Opinion
2311
November 21, 2002.
Order, Supreme Court, New York County (Sheila Abdus-Salaam, J.), entered June 26, 2001, which, in an action for breach of contract and breach of fiduciary duty arising out of defendant residential cooperative's refusal to approve the transfer of an apartment from plaintiff trust to its settlor's daughter, denied defendant's motion pursuant to CPLR 3211(a)(1),(7) to dismiss the complaint, unanimously affirmed, without costs.
JOSHUA E. KIMERLING, for plaintiff-respondent.
JAMIE A. GAVRIN EDWARD T. BRAVERMAN, for defendant-appellant.
Before: Saxe, J.P., Buckley, Rosenberger, Lerner, Gonzalez, JJ.
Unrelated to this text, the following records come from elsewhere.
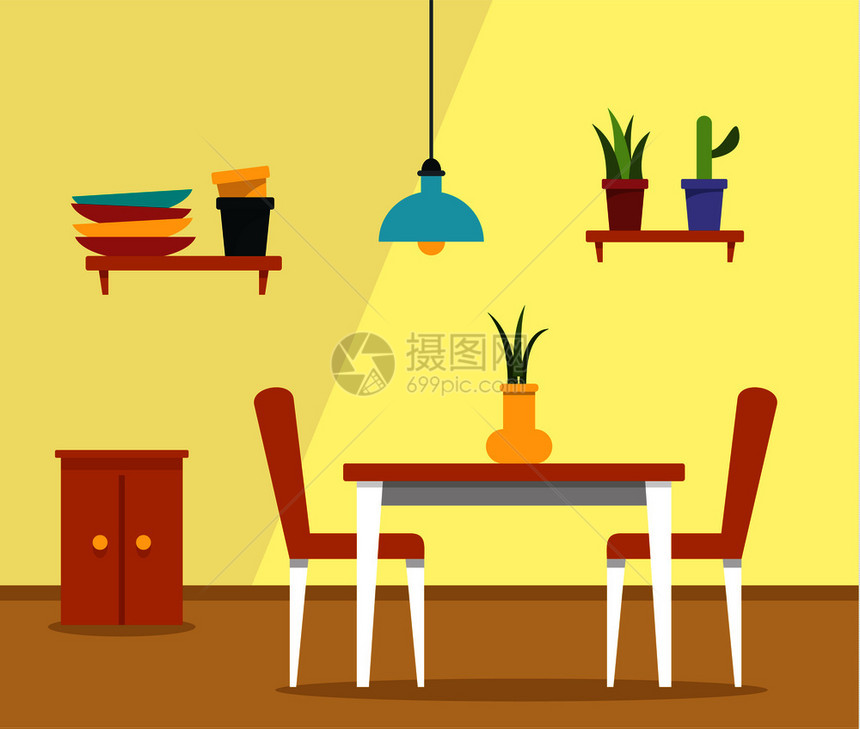 厨房桌概念背景厨房桌矢量概念背景用于网络设计的统一插图厨房桌概念背景平板风格图片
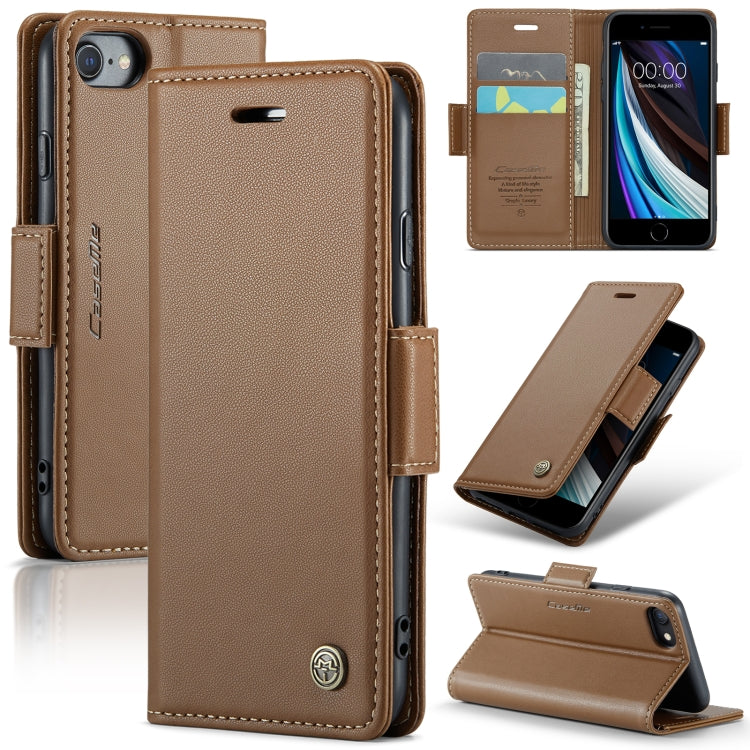 For iPhone SE 2022/SE 2020/6/7/8 CaseMe 023 Butterfly Buckle Litchi Texture RFID Anti-theft Leather Phone Case(Brown) - More iPhone Cases by CaseMe | Online Shopping South Africa | PMC Jewellery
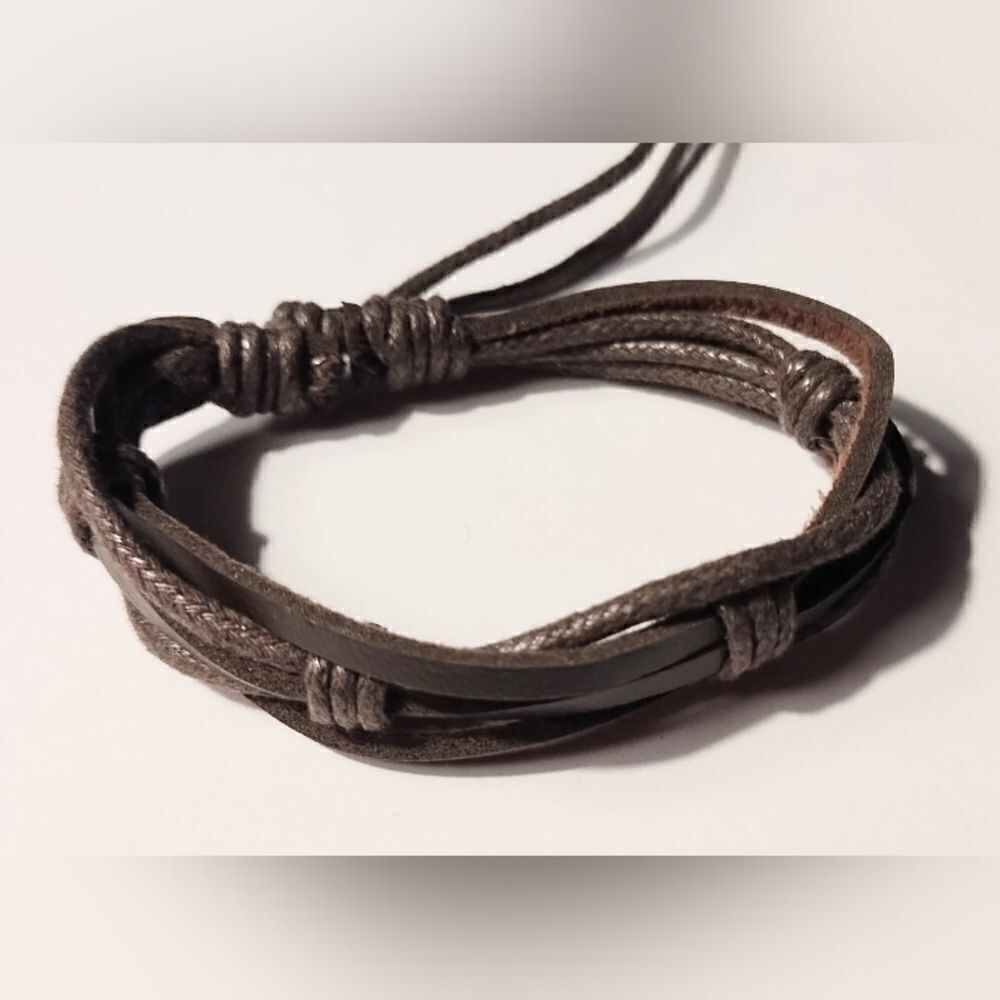 Men's‎ bracelet leather layered brown new d86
Plaintiff alleges that contrary to the terms of the proprietary lease and the manner in which defendant treated other shareholders, defendant demanded that plaintiff pay a "flip tax" on what would have been, in effect, an intra-family gratuitous transfer, and that defendant rejected the proposed transfer because plaintiff refused to pay such flip tax. These allegations are sufficient to show that defendant's rejection of the proposed transfer was not in good faith, and is therefore actionable (see Ackerman v. 305 E. 40thOwners Corp., 189 A.D.2d 665, 667). Defendant's president's affidavit denying that defendant rejected the transfer because of plaintiff's initial reluctance to pay a flip tax, as evidenced by defendant's adherence to its rejection even after plaintiff offered to pay a flip tax, raises issues of fact bearing upon defendant's directors' states of mind to be considered after joinder of issue (see id. at 666, 667, citing, inter alia, Bryan v. W. 81 St. Owners Corp., 186 A.D.2d 514). Defendant's argument that the cause of action for breach of contract should be dismissed as duplicative of the cause of action for breach of fiduciary duty is improperly raised for the first time on appeal, and we decline to consider it.
THIS CONSTITUTES THE DECISION AND ORDER OF THE SUPREME COURT, APPELLATE DIVISION, FIRST DEPARTMENT.